▸ How to complete this task
Pictures stay out, but every line of the data is copied exactly.

▸ Provided material
☆ ☆ ☆ ☆

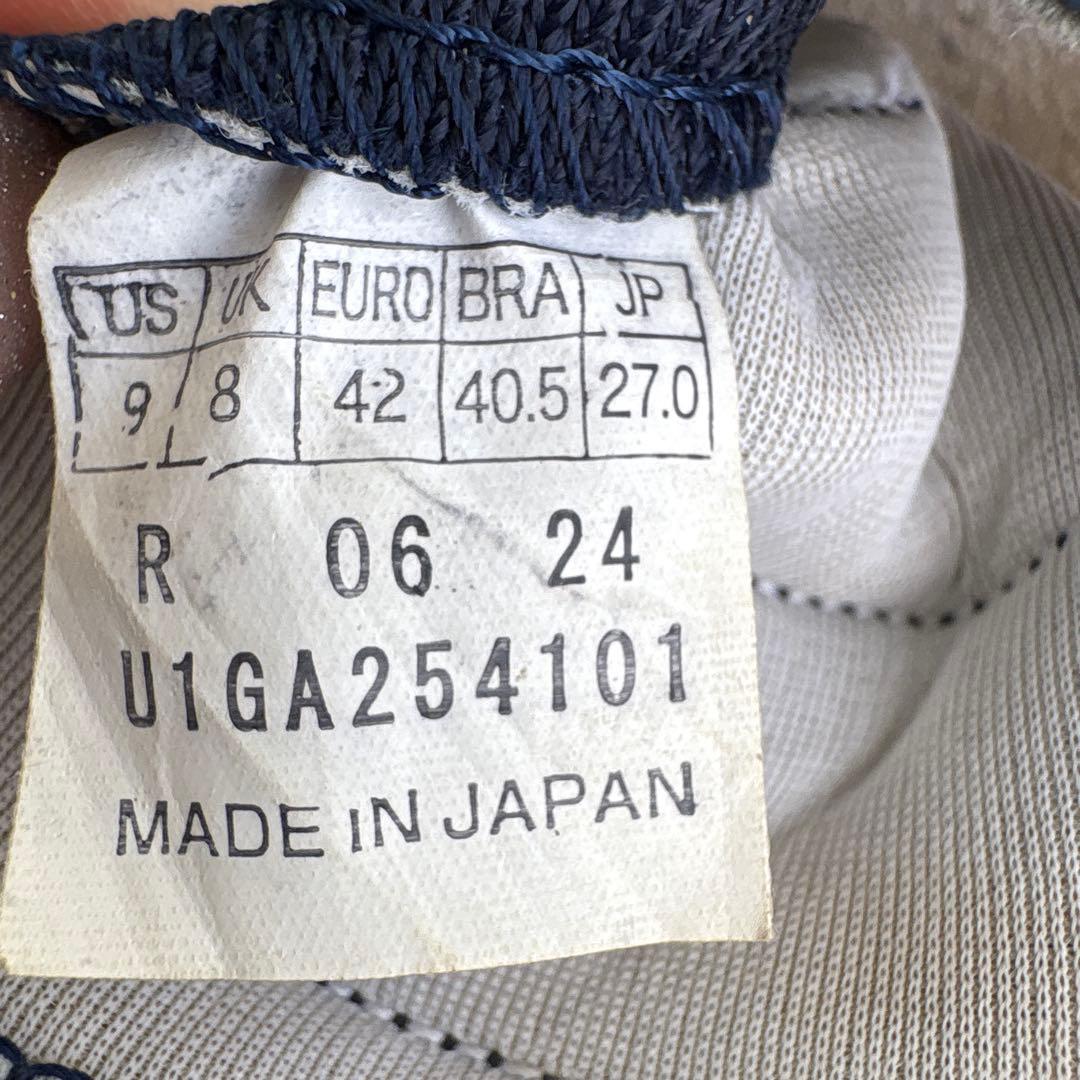 Mizuno フィールドジオAJ27.0スパイクシューズ ネイビー/ゴールド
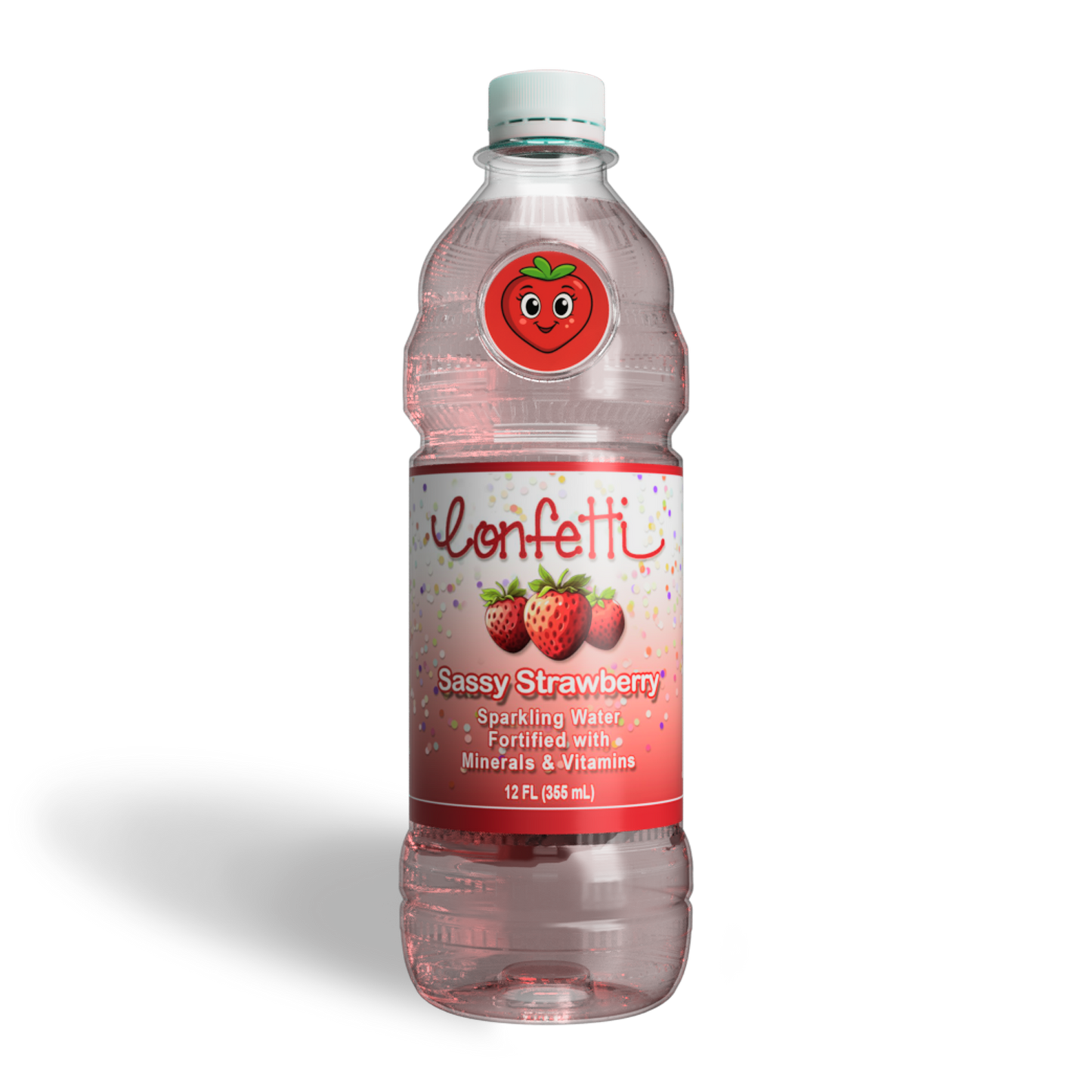 Sassy Strawberry — Sparkling Strawberry Water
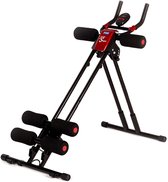 5mins Shaper Ab Trainer Buikspier apparaat Full Body Fitness apparaat Buik Core trainer Buikspierbank verstelbaar inklapbaar - 5 Minute Hometrainer voor thuis, buikspieren, billen, armen, benen, taille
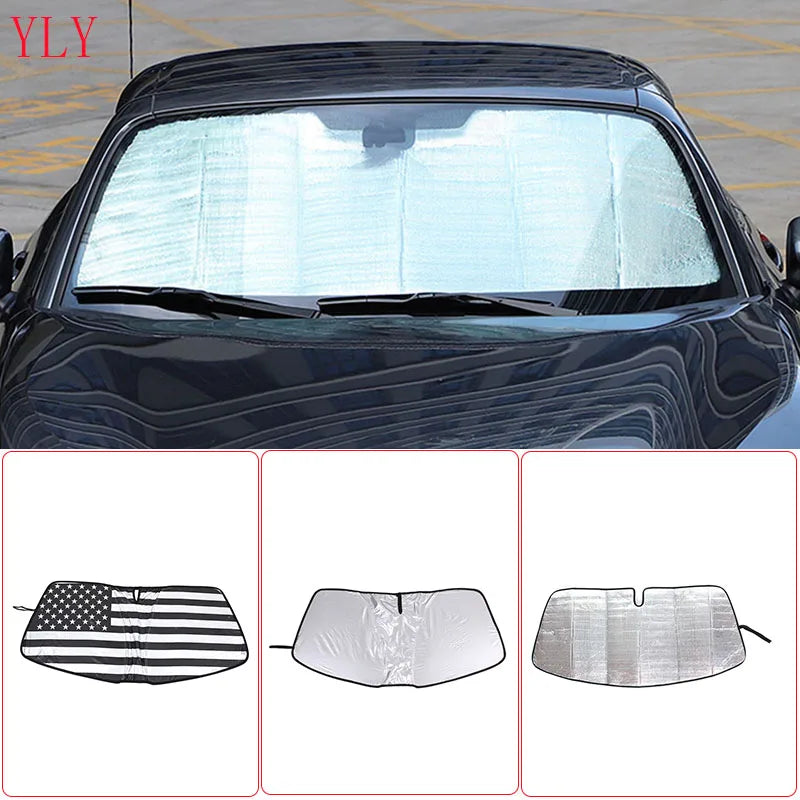 Mazda MX-5 ND 2016-2025 Tuulilasin Aurinkosuojus Alumiinifoliosta, Heijastaa Auringonvaloa, Pitää Sisätilat Viileämpinä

☆ ☆ ☆ ☆

▸ Answer box
 Mizuno フィールドジオAJ27.0スパイクシューズ ネイビー/ゴールド
 Sassy Strawberry — Sparkling Strawberry Water
 5mins Shaper Ab Trainer Buikspier apparaat Full Body Fitness apparaat Buik Core trainer Buikspierbank verstelbaar inklapbaar - 5 Minute Hometrainer voor thuis, buikspieren, billen, armen, benen, taille
 Mazda MX-5 ND 2016-2025 Tuulilasin Aurinkosuojus Alumiinifoliosta, Heijastaa Auringonvaloa, Pitää Sisätilat Viileämpinä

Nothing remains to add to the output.